You'll definitively like the discord about ancient, endangered, and extinct languages then :P

Anyways, that surprises me. I really thought 'piano' could mean 'calm/calm down', but apparently it cannot. A friend of me used to say that often.

April 21, 2017

https://www.duolingo.com/Berto29441

Well, it can be if he notes that you are going to be angry, so his "piano" means "go slowly, be quiet", but in this case "piano" is an adverb (the opposite of fast), not an adjective. To list all its meaning (as a name and as an adverb) i would have spent an hour (and I wrote as adjective...)

April 22, 2017

https://www.duolingo.com/Columbo88

Hmm, that helps, thank you.

March 5, 2015

https://www.duolingo.com/JxPatrizia

the compound form for sing softly is = cantare dolcemente SEE http://www.wordreference.com/iten/%20dolcemente

November 16, 2013

https://www.duolingo.com/Midtoad

She sings on the floor!

April 16, 2015

https://www.duolingo.com/Marifka

I wrote dolce but it was wrong.

February 16, 2015

https://www.duolingo.com/LindseyRuth

Dolce means sweet

May 18, 2015

https://www.duolingo.com/Marifka

Yes but sometimes it can mean smth different too :)

May 31, 2015

https://www.duolingo.com/EdwardDunne

not accepting "di delicatenzza" is killing me softly with her song!

February 17, 2016

https://www.duolingo.com/BjornKruse

Lei canta dolcemente sounds more musical in my ears... - yet was marked wrong.

January 2, 2017

https://www.duolingo.com/Ivonne543767

Why is it piano and not pianamente?
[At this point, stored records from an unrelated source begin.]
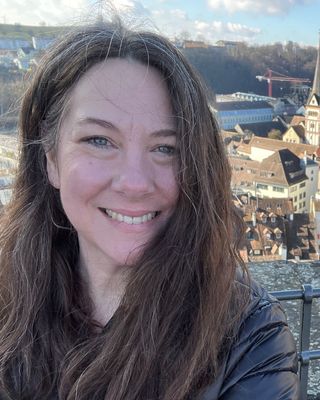 Photo of Joy Rabon, Marriage & Family Therapist, MA, LMFT, CCTP, CIMHP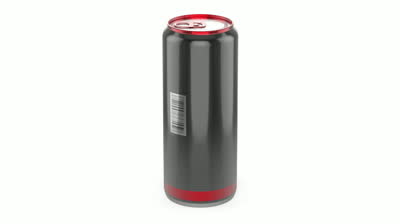 Beware- Energy drinks can kill you
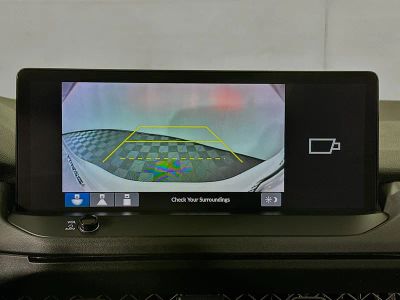 2023 Honda Accord Hybrid — photo 25 view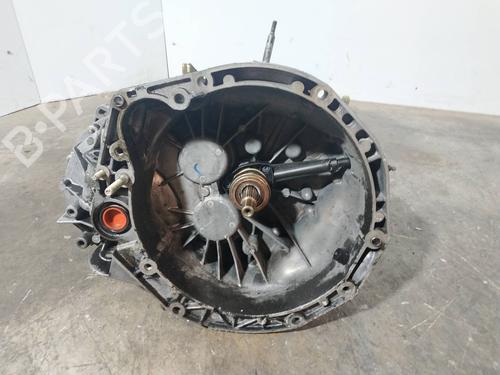 Used Gearbox RENAULT LAGUNA II Grandtour (KG0/1_) 1.9 dCi (KG0G) (120 hp) 17613424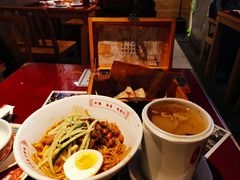 -味福记·本地特色菜(八一万达广场店)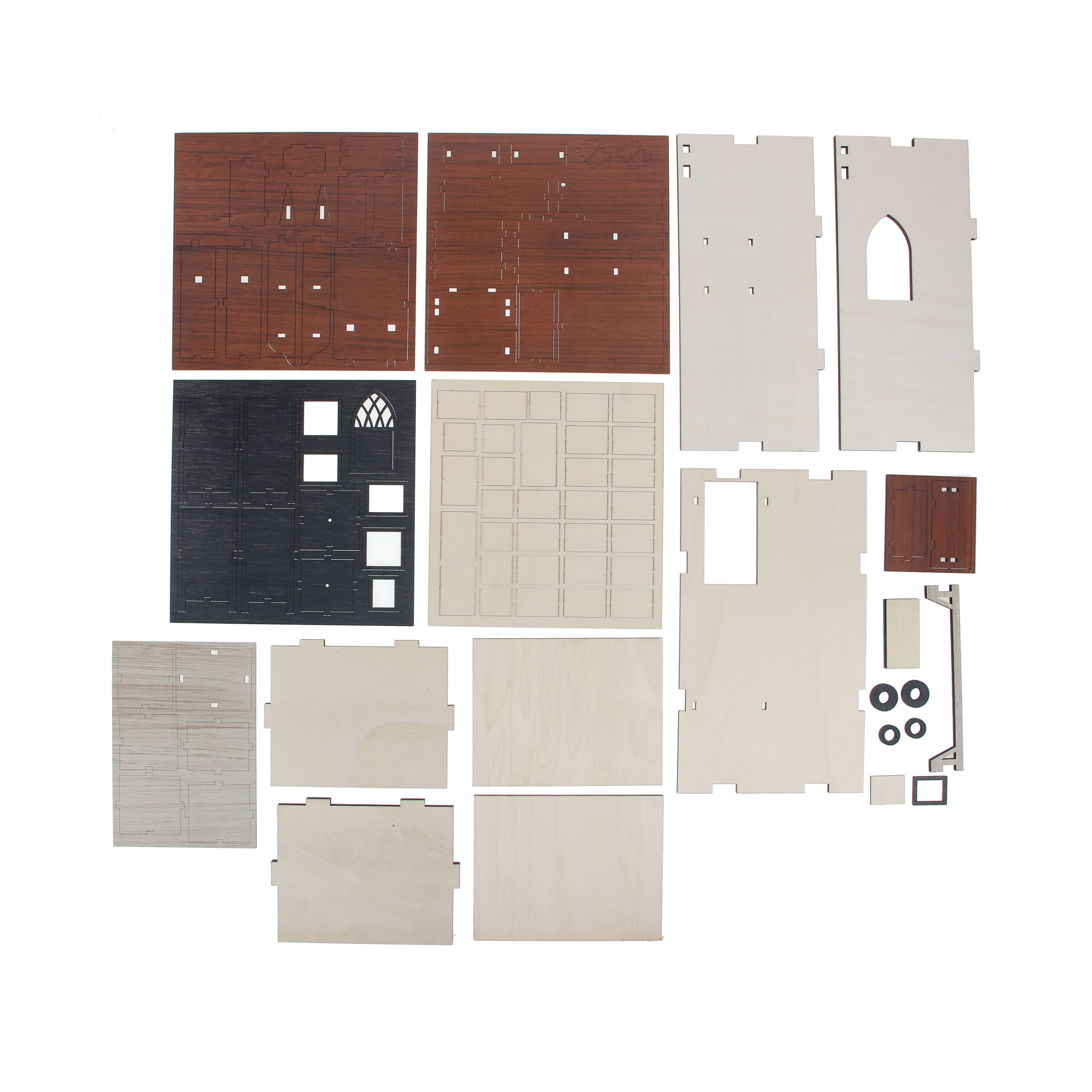 Apothecary Book Nook Kit by Make Market&#xAE;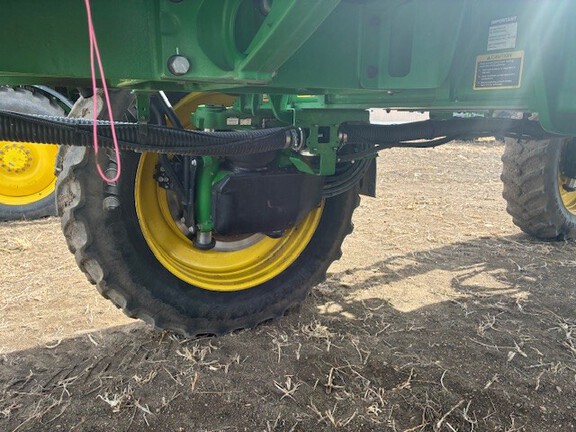 2021 John Deere R4045 (8th thumbnail)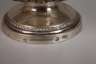 Silberschale aus Adelsbesitz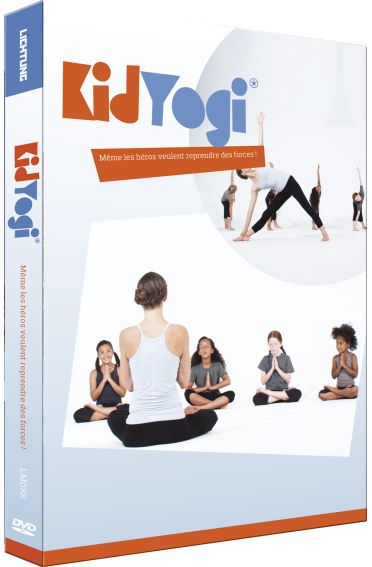 Kidyogi [DVD]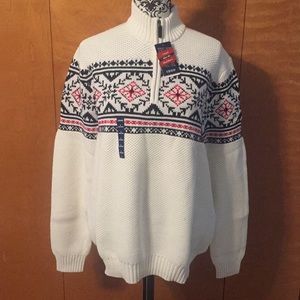 Men’s Sweater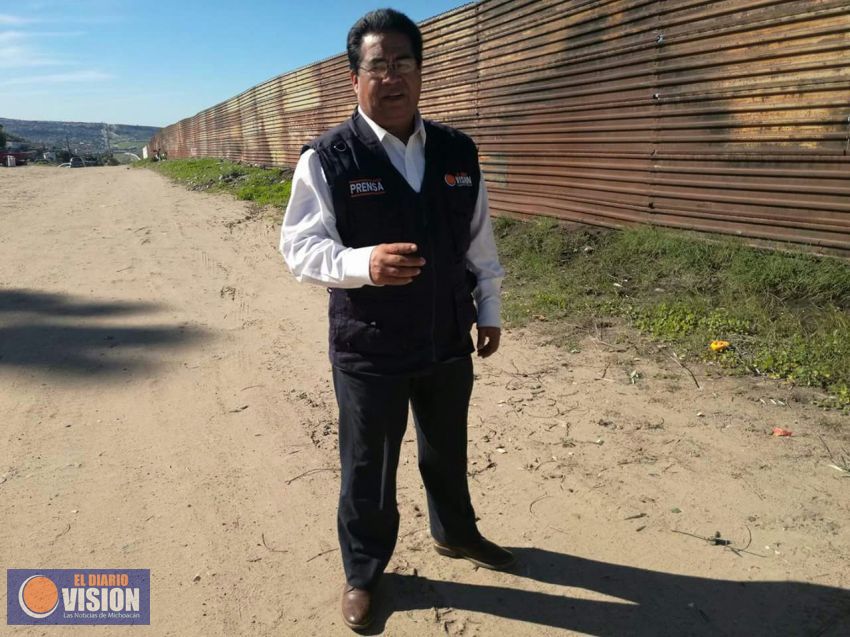 Agenda Migrante..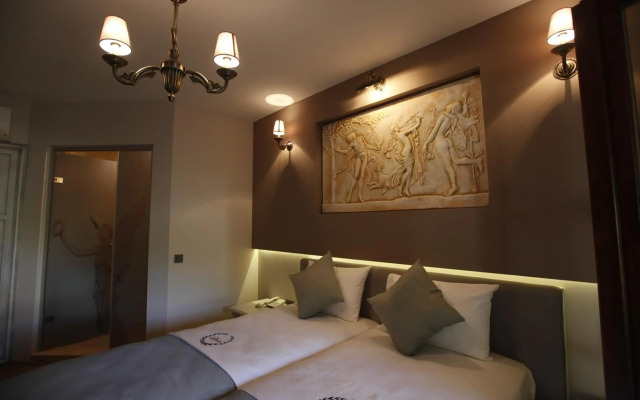 Livia Hotel Ephesus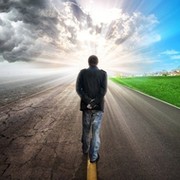 ПРЕДАННЫЙ *** on My World.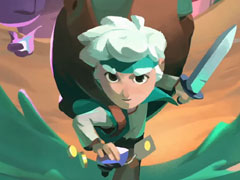 饤RPGMoonlighter 2: The Endless VaultפΥ꡼1023˥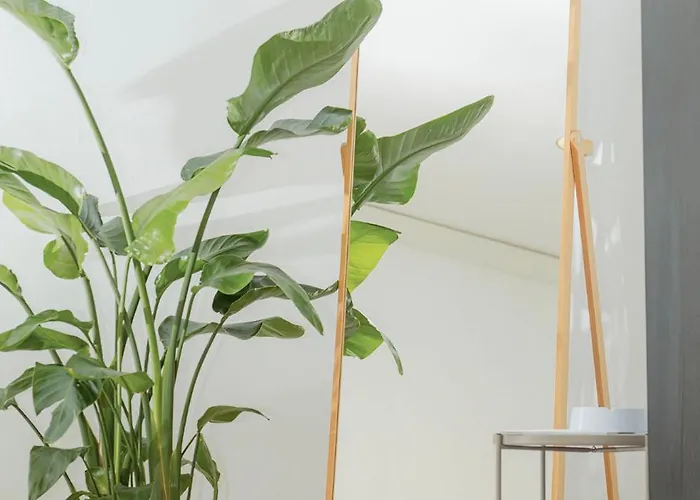 Navigli 10 Min Loft Moderno Con Area Esterna 아파트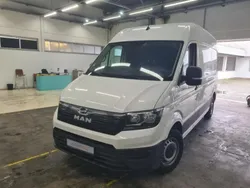 Branco Usado 2021 MAN TGE Van | € 23.490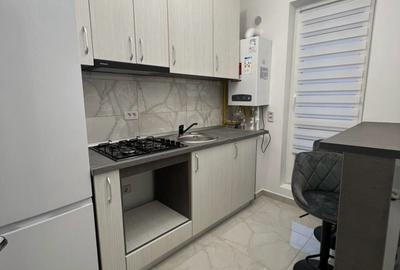 Garsoniera de inchiriat Militari Residence - 3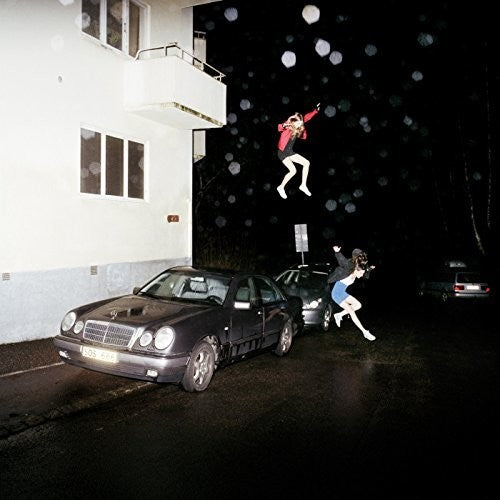 Brand New - Science Fiction 2LP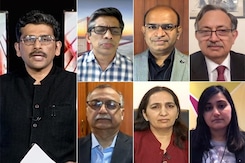 "Nu" Variant On The Rise: Time For India To Roll Out Covid Boosters? "Nu" Variant On The Rise: Time For India To Roll Out Covid Boosters?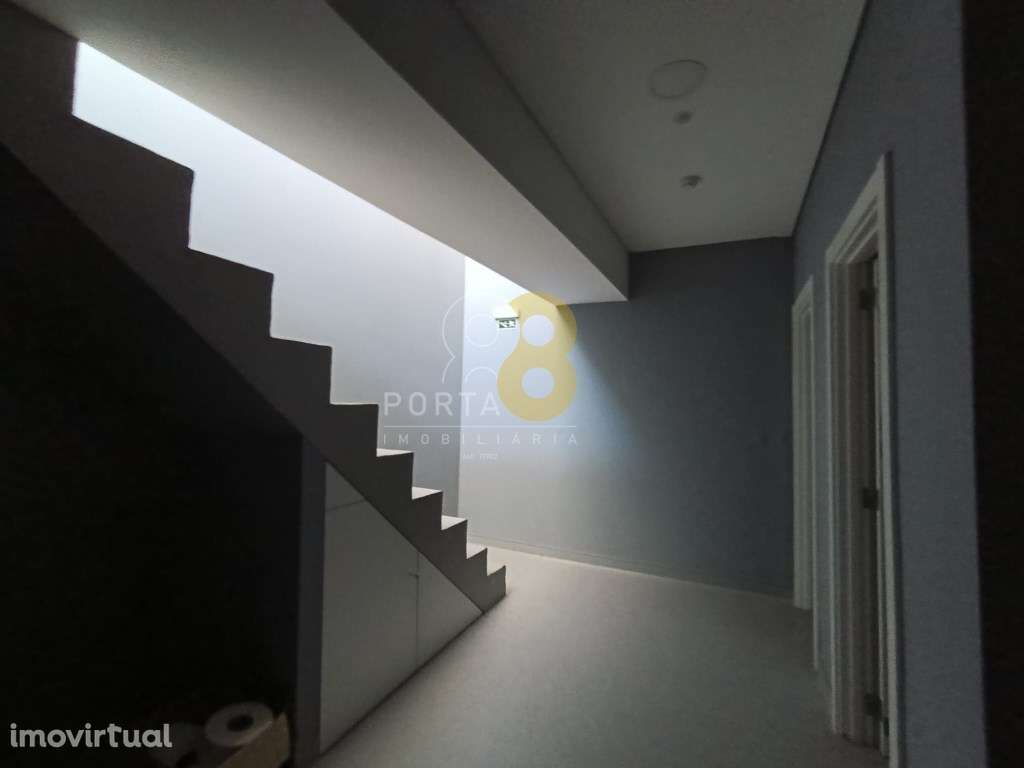 Loja em Matosinhos Sul - Excelente Oportunidade! - Grande imagem: 5/14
Or does "piano" not have an adverb form?

August 9, 2017

https://www.duolingo.com/Berto29441

Piano is also an adverb, as it's here ( = softly; quietly; gently). Pianamente has a different meaning: "in a simple manner/ in a silent manner

August 9, 2017

https://www.duolingo.com/haydee14p

How is piano translated as floor, then as plan then as softly?

December 10, 2017

https://www.duolingo.com/Berto29441

Because the original meaning of "piano (Latin planus) is "flat, without ondulations, smooth, plane", which, for extension, is applicable to floor and voice.